Quand des réalisateurs comme Sauper, Wagenhofer, Geyrhalter ou encore Seidl scrutent minutieusement les perversions de leurs concitoyens ou de la globalisation, le mode de vie des autrichiens et de l’occident en général forme la matière première d’une cinématographie nationale foisonnante. Dans un grand écart entre l’intimité de leurs pairs et la marche du monde capitaliste, les cinéastes n’ont jamais détourné le regard, ni ceux de leurs spectateurs. Ils dévoilent ainsi sans détour les ravages du système économique actuel à l’étranger, ses conséquences sur la politique nationale, sur les institutions et sur les valeurs qui rassemblent les autrichiens.

Dans la lignée de ces documentaristes exigeants, les cinéastes que nous vous présentons dans cette section, Ruth Beckermann, Michael Glawogger et le duo Christian Krönes – Florian Weigensamer, ont su se démarquer par les identités visuelles et narratives distinctes qui façonnent leurs films.

Tandis que Beckermann, de sa voix-off mélodieuse, mène le spectateur à travers une investigation politique, composée d’images d’archives et de prises de vues personnelles dans La Valse de Waldheim, Glawogger laisse les mots se substituer à de sublimes images pour donner à La Mort du travailleur toute la force d’évocation qui en fait un film grandiose. Chez Krönes et Weigensamer, les paroles des protagonistes de Welcome to Sodom s’entremêlent habilement aux images spectaculaires d’un abysse inexploré. Eux aussi, à leur manière, interrogent les conséquences d’une mondialisation en marche sur ses acteurs et ceux qui en payent les frais.


 

Le 08/11 au Star St-Exupéry ( En présence de Christian Krönes )
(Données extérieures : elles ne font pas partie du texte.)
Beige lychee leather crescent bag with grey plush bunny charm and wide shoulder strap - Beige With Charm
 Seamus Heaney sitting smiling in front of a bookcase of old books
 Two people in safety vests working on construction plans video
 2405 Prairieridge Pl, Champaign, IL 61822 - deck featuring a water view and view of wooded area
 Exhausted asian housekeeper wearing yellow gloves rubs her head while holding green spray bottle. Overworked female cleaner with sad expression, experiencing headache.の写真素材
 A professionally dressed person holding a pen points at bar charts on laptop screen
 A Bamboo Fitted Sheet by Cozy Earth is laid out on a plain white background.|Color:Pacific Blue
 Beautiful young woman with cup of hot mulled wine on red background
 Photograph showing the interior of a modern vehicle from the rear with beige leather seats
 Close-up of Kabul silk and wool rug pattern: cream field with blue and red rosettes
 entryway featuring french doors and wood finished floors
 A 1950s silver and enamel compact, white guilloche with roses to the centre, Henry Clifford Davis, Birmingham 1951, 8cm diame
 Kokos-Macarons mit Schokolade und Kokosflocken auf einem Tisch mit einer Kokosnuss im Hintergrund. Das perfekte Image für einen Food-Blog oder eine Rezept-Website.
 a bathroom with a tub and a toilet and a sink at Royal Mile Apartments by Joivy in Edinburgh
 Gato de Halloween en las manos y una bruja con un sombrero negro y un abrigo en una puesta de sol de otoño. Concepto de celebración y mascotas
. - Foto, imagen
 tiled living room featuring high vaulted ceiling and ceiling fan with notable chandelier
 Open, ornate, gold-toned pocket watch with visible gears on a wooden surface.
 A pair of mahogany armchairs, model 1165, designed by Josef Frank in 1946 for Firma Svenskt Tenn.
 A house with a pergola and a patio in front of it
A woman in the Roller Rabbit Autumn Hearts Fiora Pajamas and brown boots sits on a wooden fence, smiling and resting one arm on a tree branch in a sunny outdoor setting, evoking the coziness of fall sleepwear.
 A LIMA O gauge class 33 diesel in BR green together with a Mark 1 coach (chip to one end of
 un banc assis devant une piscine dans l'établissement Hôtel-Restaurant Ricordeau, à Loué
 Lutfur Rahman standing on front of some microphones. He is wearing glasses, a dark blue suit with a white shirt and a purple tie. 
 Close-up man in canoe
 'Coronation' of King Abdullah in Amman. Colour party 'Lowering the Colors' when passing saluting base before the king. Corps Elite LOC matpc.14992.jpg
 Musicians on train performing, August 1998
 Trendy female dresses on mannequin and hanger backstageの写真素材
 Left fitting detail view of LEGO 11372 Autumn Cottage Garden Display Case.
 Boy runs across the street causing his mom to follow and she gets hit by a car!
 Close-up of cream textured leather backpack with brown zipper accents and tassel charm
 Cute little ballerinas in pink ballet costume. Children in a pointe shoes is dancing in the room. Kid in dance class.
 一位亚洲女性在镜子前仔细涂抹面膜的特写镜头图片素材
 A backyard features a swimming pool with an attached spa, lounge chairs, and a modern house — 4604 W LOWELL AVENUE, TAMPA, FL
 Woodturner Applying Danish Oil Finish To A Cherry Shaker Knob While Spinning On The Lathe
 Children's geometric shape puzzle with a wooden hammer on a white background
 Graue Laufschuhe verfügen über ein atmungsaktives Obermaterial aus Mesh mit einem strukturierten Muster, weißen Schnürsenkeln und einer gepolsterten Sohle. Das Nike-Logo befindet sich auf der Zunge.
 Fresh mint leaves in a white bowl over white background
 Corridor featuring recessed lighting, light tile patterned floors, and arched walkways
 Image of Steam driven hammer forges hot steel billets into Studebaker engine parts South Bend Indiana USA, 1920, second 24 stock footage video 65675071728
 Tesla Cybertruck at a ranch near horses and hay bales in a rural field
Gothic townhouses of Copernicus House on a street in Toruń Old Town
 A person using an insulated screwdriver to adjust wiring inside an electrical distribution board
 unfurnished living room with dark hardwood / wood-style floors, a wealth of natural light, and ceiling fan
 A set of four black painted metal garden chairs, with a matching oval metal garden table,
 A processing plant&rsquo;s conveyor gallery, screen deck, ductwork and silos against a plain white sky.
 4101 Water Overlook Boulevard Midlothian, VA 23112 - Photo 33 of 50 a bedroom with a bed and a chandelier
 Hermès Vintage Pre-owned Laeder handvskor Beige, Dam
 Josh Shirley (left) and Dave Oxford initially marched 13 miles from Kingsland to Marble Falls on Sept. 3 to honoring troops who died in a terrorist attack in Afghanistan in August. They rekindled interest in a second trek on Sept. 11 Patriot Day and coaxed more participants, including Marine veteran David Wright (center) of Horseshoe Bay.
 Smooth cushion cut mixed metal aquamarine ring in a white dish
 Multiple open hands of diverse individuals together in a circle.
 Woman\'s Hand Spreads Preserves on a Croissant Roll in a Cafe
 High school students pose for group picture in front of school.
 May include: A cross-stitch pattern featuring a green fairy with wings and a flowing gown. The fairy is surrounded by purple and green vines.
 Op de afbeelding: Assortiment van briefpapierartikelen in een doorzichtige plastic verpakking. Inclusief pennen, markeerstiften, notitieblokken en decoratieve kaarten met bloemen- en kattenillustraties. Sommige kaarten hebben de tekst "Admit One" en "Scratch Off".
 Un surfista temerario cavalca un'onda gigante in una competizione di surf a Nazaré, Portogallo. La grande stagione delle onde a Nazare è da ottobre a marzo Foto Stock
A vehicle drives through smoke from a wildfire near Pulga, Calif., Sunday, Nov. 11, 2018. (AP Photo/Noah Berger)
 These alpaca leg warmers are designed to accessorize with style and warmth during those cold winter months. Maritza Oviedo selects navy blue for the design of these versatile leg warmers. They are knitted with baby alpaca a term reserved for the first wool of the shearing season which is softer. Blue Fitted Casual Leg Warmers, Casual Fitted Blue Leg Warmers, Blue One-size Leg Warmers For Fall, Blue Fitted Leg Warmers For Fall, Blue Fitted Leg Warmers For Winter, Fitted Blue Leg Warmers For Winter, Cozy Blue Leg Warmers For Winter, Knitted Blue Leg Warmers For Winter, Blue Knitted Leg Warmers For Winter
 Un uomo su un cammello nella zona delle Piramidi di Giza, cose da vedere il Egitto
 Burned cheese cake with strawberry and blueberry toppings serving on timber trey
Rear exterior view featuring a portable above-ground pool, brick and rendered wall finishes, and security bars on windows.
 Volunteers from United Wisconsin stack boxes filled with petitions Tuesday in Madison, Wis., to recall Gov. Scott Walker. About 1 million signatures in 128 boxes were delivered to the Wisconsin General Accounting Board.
Welcom to Sodom réalisé par Christian Krönes & Florian Weigensamer – Autriche / 2018 / 92min

Smartphone, PCs, Ecrans : 250 000 tonnes de carcasses électroniques rejetées par de lointaines sociétés numérisées atterrissent chaque année dans une immense étendue vaseuse aux portes de la capitale du Ghana, qui constitue l’une des plus grandes décharges électroniques au monde. Surnommée Sodome, elle est le lieu de vie et de travail de milliers de personnes qui respirent les fumées toxiques des déchets qui s’enflamment. Au cœur de ce lieu apocalyptique, ce film nous mène à la rencontre des personnages les plus créatifs qui soient.


 

Le 13/11 au Star Saint-Exupéry ( En présence du monteur, Dieter Pichler )

La Valse de Waldheim réalisé par Ruth Beckermann – Autriche / 2018 / 93min

En 1986, armée de l’une des toutes premières caméras vidéo, Ruth Beckermann filme dans les rues de Vienne les échanges entre partisans de Kurt Waldheim, l’ex-secrétaire général des Nations unies (1972-1981) qui se présente pour le parti des chrétiens-démocrates (ÖVP), et les opposants à sa candidature, qui font valoir que ses états de service de lieutenant de la Wehrmacht, qu’il a longtemps cachés, font de lui le complice de crimes contre l’humanité.


 

Le 21/11 au Star Saint-Exupéry

La mort du travailleur réalisé par Michael Glawogger – Allemagne, Autriche / 2005 / 122min

La classe des travailleurs existe-t-elle encore ? Les travaux de forçats disparaissent-ils, ou deviennent-il simplement invisibles à nos yeux ?
La mort du travailleur invite le public à la rencontre des travailleurs du 21è siècle : ils risquent leur vie dans les mines illégales d’Ukraine, extraient du soufre sur un volcan actif d’Indonésie, portent les carcasses du plus grand abattoir du Nigeria, démantèlent un immense cargo au Pakistan, ou œuvrent dans l’industrie métallurgique chinoise en espérant un avenir meilleur. Pendant ce temps en Allemagne, des hauts-fourneaux désaffectés se transforment en parc d’attraction.